Sec. 101.206. PROHIBITED DISTRIBUTION; DUTY TO RETURN. (a) Unless the distribution is made in compliance with Chapter 11, a limited liability company may not make a distribution to a member of the company if, immediately after making the distribution, the company's total liabilities, other than liabilities described by Subsection (b), exceed the fair value of the company's total assets.
(b) For purposes of Subsection (a), the liabilities of a limited liability company do not include:
(1) a liability related to the member's membership interest; or
(2) except as provided by Subsection (c), a liability for which the recourse of creditors is limited to specified property of the company.
(c) For purposes of Subsection (a), the assets of a limited liability company include the fair value of property subject to a liability for which recourse of creditors is limited to specified property of the company only if the fair value of that property exceeds the liability.
(c-1) For purposes of this section, the determination of the amount of a limited liability company's liabilities or the value of a company's assets may be based on:
(1) financial statements of the company, which may include the financial statements of subsidiary entities or other entities accounted for on a consolidated basis or on the equity method of accounting, that:
(A) present the financial condition of the company and any subsidiary or other entities included in those financial statements, in accordance with generally accepted accounting principles or international financial reporting standards; or
(B) have been prepared using the method of accounting used to file the company's federal income tax return or using any other accounting practices and principles that are reasonable under the circumstances;
(2) financial information, including condensed or summary financial statements, that is prepared on the same basis as financial statements described by Subdivision (1);
(3) projections, forecasts, or other forward-looking information relating to the future economic performance, financial condition, or liquidity of the company that is reasonable under the circumstances;
(4) a fair valuation or information from any other method that is reasonable under the circumstances; or
(5) a combination of a statement, valuation, or information authorized by this subsection.
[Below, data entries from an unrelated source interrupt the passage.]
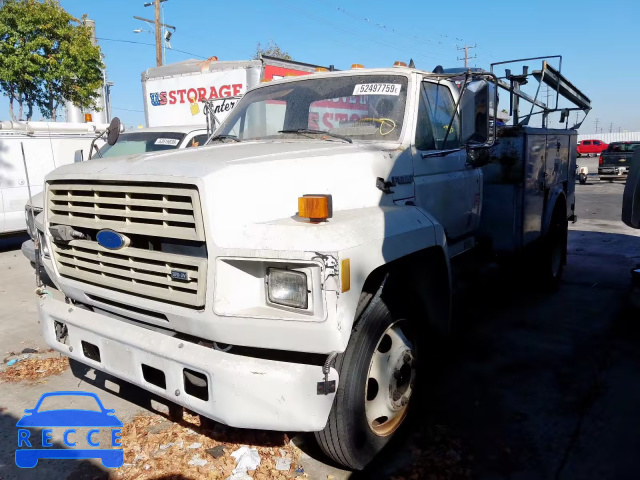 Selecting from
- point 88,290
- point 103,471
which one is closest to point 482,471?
point 103,471

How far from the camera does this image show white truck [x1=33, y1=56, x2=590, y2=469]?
7.83ft

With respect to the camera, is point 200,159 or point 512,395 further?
point 512,395

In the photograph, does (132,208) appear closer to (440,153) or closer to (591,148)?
(440,153)

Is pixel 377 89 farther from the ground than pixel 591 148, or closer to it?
farther from the ground

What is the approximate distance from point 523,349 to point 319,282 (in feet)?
9.99

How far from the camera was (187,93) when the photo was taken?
1012 cm

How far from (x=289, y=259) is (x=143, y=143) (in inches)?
233

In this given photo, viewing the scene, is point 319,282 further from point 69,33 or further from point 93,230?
point 69,33

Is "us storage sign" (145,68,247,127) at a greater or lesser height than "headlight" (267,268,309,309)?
greater

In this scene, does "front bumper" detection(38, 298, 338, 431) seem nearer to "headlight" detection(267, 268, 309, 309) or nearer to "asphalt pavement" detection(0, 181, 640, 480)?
"headlight" detection(267, 268, 309, 309)

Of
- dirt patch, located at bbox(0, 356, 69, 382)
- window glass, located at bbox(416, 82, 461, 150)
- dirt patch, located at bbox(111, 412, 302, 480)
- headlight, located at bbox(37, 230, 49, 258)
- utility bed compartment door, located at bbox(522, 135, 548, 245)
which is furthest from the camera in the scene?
utility bed compartment door, located at bbox(522, 135, 548, 245)

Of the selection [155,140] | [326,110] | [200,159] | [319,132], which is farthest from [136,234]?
[155,140]

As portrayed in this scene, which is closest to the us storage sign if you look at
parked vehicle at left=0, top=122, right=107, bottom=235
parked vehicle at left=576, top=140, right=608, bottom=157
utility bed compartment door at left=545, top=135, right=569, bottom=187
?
parked vehicle at left=0, top=122, right=107, bottom=235

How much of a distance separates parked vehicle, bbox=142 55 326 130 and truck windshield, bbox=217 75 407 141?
4500mm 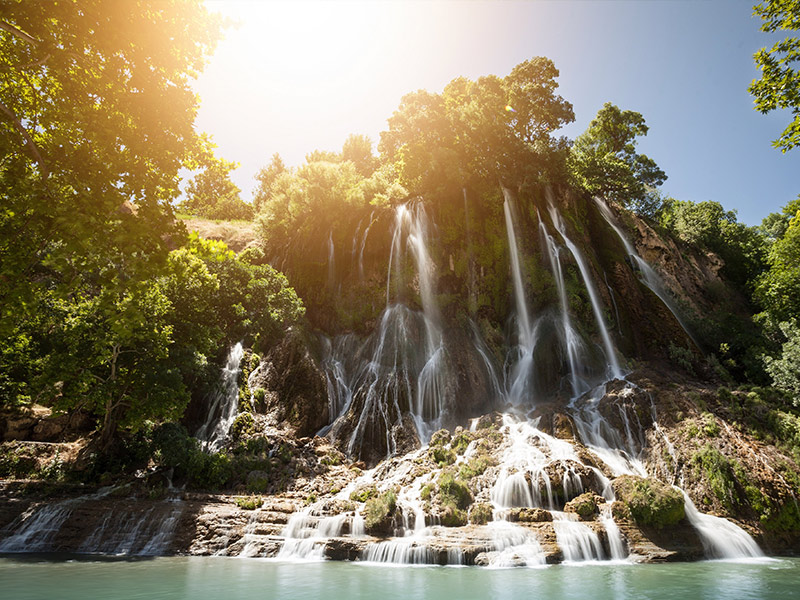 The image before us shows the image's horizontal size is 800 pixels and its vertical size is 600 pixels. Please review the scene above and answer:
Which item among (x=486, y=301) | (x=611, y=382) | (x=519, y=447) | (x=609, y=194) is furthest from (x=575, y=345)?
(x=609, y=194)

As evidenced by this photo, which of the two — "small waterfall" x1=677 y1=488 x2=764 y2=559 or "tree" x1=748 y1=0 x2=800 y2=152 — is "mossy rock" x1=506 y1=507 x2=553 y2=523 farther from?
"tree" x1=748 y1=0 x2=800 y2=152

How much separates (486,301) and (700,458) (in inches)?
602

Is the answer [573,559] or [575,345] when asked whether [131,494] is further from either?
[575,345]

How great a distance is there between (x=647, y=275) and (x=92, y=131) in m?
33.4

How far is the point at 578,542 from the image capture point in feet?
36.6

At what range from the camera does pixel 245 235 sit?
123 ft

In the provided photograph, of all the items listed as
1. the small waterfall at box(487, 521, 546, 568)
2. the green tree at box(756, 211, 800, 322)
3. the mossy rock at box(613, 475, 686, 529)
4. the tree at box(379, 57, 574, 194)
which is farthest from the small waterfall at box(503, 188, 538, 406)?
the green tree at box(756, 211, 800, 322)

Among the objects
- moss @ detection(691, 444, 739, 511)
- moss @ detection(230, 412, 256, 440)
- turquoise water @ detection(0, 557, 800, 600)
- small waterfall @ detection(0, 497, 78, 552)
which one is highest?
moss @ detection(230, 412, 256, 440)

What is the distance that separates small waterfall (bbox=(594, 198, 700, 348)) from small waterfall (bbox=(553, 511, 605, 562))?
18555mm

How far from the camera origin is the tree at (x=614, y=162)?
35.0m

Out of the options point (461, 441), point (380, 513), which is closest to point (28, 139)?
point (380, 513)

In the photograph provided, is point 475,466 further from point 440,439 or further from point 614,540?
point 614,540

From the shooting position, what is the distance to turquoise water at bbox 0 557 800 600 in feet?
26.3

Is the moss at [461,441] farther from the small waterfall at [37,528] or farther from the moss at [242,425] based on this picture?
the small waterfall at [37,528]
(c-2) Subsection (c-1) does not apply to the computation of the franchise tax or any other tax imposed on a limited liability company under the laws of this state.
(d) A member of a limited liability company who receives a distribution from the company in violation of this section is not required to return the distribution to the company unless the member had knowledge of the violation.
(e) This section may not be construed to affect the obligation of a member of a limited liability company to return a distribution to the company under the company agreement, another agreement, or other state or federal law.
(f) For purposes of this section, "distribution" does not include an amount constituting reasonable compensation for present or past services or a reasonable payment made in the ordinary course of business under a bona fide retirement plan or other benefits program.
(g) An action alleging a distribution is made in violation of this section must be commenced not later than the second anniversary of the date of the distribution.
Acts 2003, 78th Leg., ch. 182, Sec. 1, eff. Jan. 1, 2006.
Amended by:
Acts 2009, 81st Leg., R.S., Ch. 84 (S.B. 1442), Sec. 41, eff. September 1, 2009.
Acts 2021, 87th Leg., R.S., Ch. 39 (S.B. 1203), Sec. 27, eff. September 1, 2021.
Acts 2023, 88th Leg., R.S., Ch. 27 (S.B. 1514), Sec. 37, eff. September 1, 2023.